[Libguestfs] OpenStack output workflow

Wed Sep 26 14:57:19 UTC 2018

On Wed, Sep 26, 2018 at 4:25 PM Richard W.M. Jones <rjones at redhat.com>
wrote:

> On Wed, Sep 26, 2018 at 02:40:54PM +0200, Fabien Dupont wrote:
> > [Adding Tomas Golembiovsky]
> >
> > Well, that's mainly IMS related challenges. We're working on
> > OpenStack output support and migration throttling and this implies
> > changes to virt-v2v-wrapper.  This is then the opportunity to think
> > about virt-v2v-wrapper maintenance and feature set. It has been
> > created in the first place to simplify interaction with virt-v2v
> > from ManageIQ.
>
> Stepping back here, the upstream community on this mailing list have
> no idea what you mean by the terms "IMS", "virt-v2v-wrapper" and
> "ManageIQ".  I'll try to explain briefly:
>
> * ManageIQ (http://manageiq.org/) = a kind of scriptable, universal
>   management tool for cloudy things, using Ansible.
>
> * Ansible = automates remote management of machines using ssh.
>
> * IMS = an internal Red Hat project to add virt-v2v support to
>   ManageIQ.
>
> * virt-v2v-wrapper = a wrapper around virt-v2v which allows it to be
>   called from Ansible.  The reason we need this is because Ansible
>   doesn't support managing long-running processes like virt-v2v, so we
>   need to have another component which provides an API which can be
>   queried remotely, while tending to the long-running virt-v2v behind
>   the scenes.  [Tomáš: Got a link to the code?  I can't find it right now]
>

Thanks for adding explanation. FWIW, Ansible is not involved in IMS.
There are some rogue code out there
(https://github.com/fdupont-redhat/ims-v2v-engine_ansible)
doing things with Ansible, because I like experimenting.

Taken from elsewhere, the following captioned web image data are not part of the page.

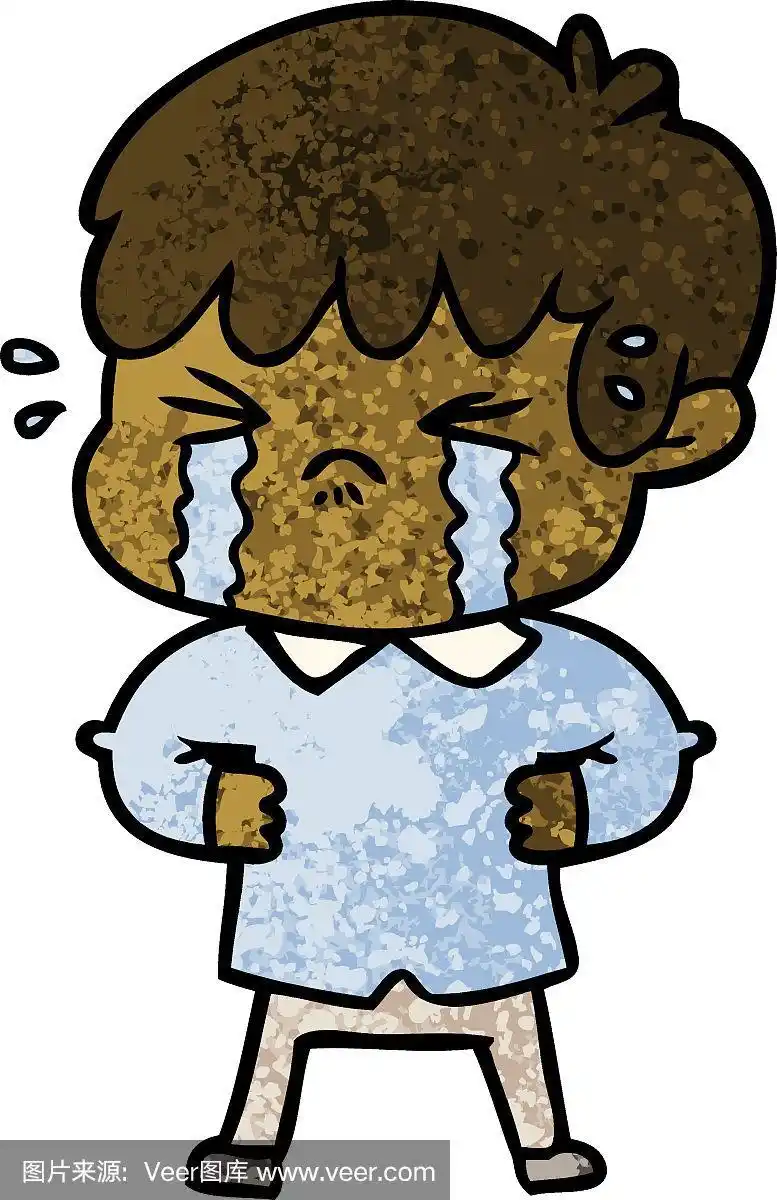哭泣的男孩卡通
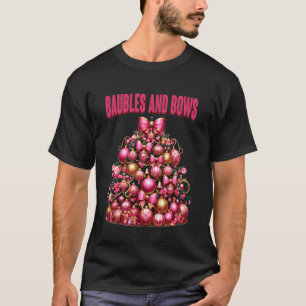 Rosa julgran Xmas högtid julfest F T Shirt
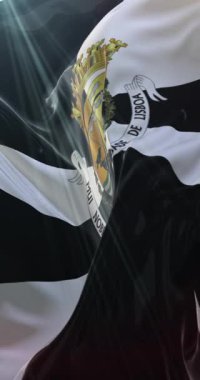 Lizbon Bayrağı, Portekiz. 4K dikey. Döngü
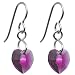 Titanium Heart February Birthstone Earrings Made with SWAROVSKI ELEMENTS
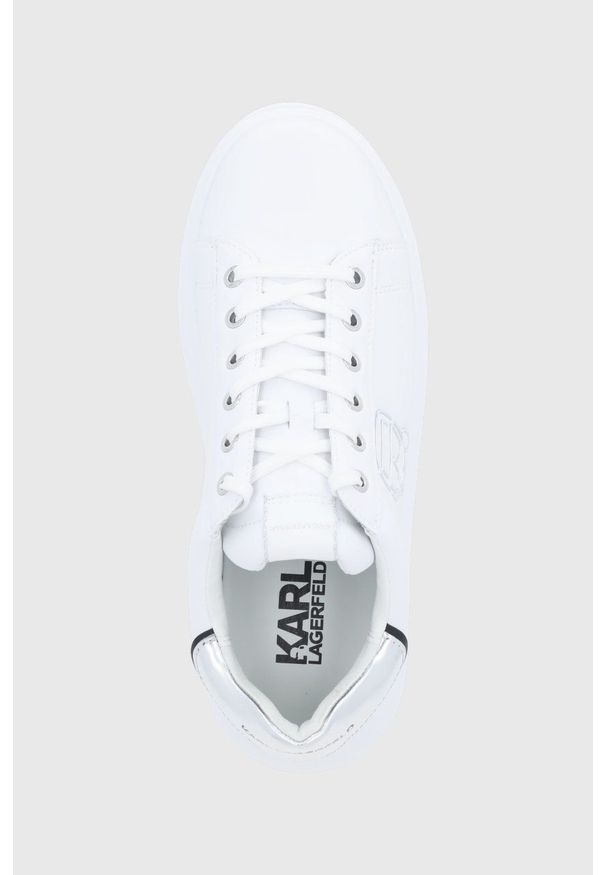 Karl Lagerfeld - Buty skórzane. Nosek buta: okrągły. Zapięcie: sznurówki. Kolor: biały. Materiał: skóra
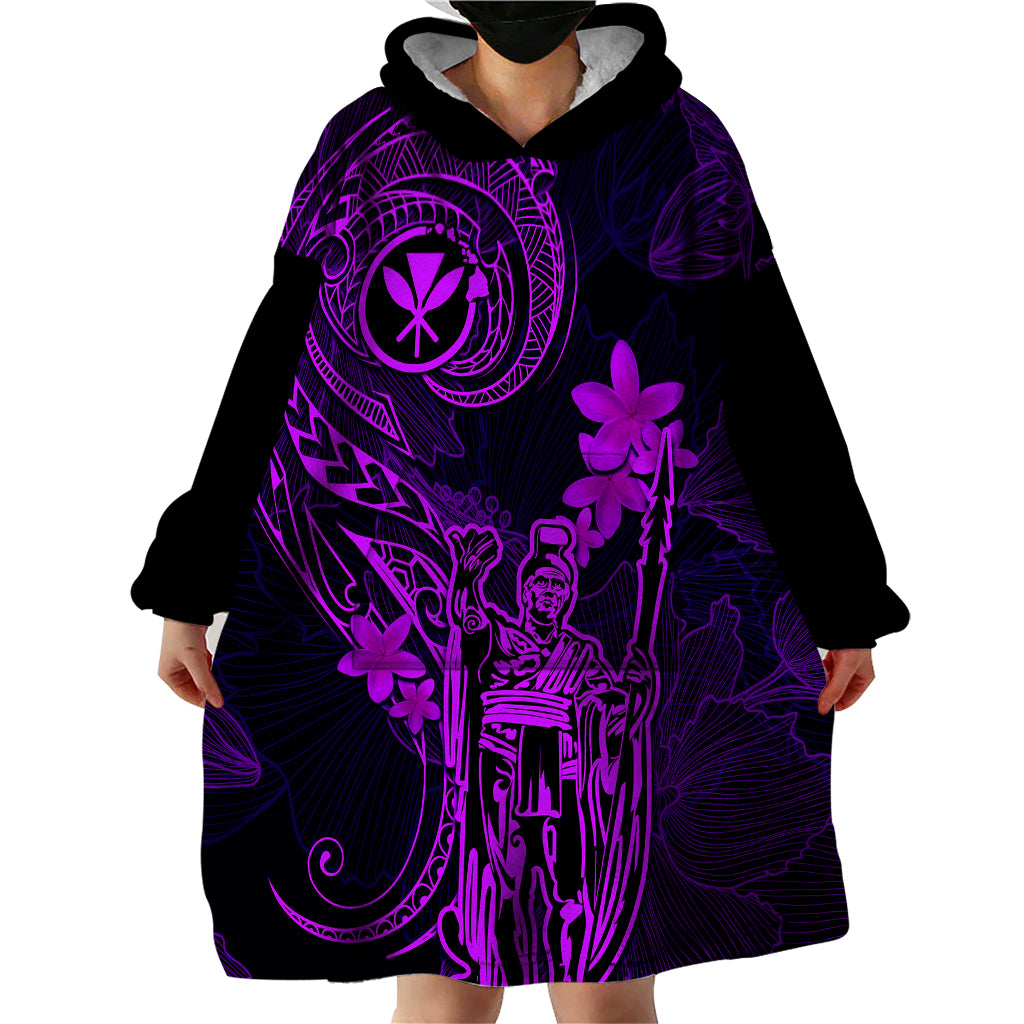 Hawaii Wearable Blanket Hoodie King Kamehameha Mix Polynesian Plumeria Purple Version LT14 - Polynesian Pride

Virt-v2v-wrapper code is available here:
https://github.com/oVirt/ovirt-ansible-v2v-conversion-host/blob/master/files/virt-v2v-wrapper.py

> > The first challenge we faced is the interaction with virt-v2v. It's
> > highly versatile and proposes a lot of options for input and
> > output. The downside of it is that over time is becomes more and
> > more difficult to know them all.
>
> The options are all documented in the manual.  I have thought for a
> while that we need to tackle the virt-v2v manual: It's too big, and
> unapproachable.  Really I think we need to split it into topic
> sections and rewrite parts of it.  Unfortunately I've not had time to
> do that so far.
>
> > And all the error messages are made for human beings, not machines,
> > so providing feedback through a launcher, such as virt-v2v-wrapper,
> > is difficult.
>
> This is indeed an issue.  Pino recently added enhanced support for the
> ‘--machine-readable’ option which should address some problems:
>
>
> https://github.com/libguestfs/libguestfs/commit/afa8111b751ed33e1989e6d9bb03928cefa17917
>
> If this change still doesn't fully address the issues with automating
> virt-v2v then please let us know what specifically can be improved
> here.
>

Thanks for the link. virt-v2v-wrapper is using the standalone call with
--machine-readable to get the capabilities of virt-v2v. It's used to
check for --mac option support.

[...]
> > For progress, the only way to know what happens is to run virt-v2v
> > in debug mode (-v -x) and parse the (very extensive)
> > output. Virt-v2v-wrapper does it for us in IMS, but it is merely a
> > workaround.
>
> Right, this is indeed another problem which we should address.  I
> thought we had an RFE filed for this, but I cannot find it.  At the
> moment the workaround you mention is very ugly and clunky, but AFAIK
> it does work.
>

You're right. I works. We'll test if the --machine-readable enhances the
machine experience, and make RFEs if needed.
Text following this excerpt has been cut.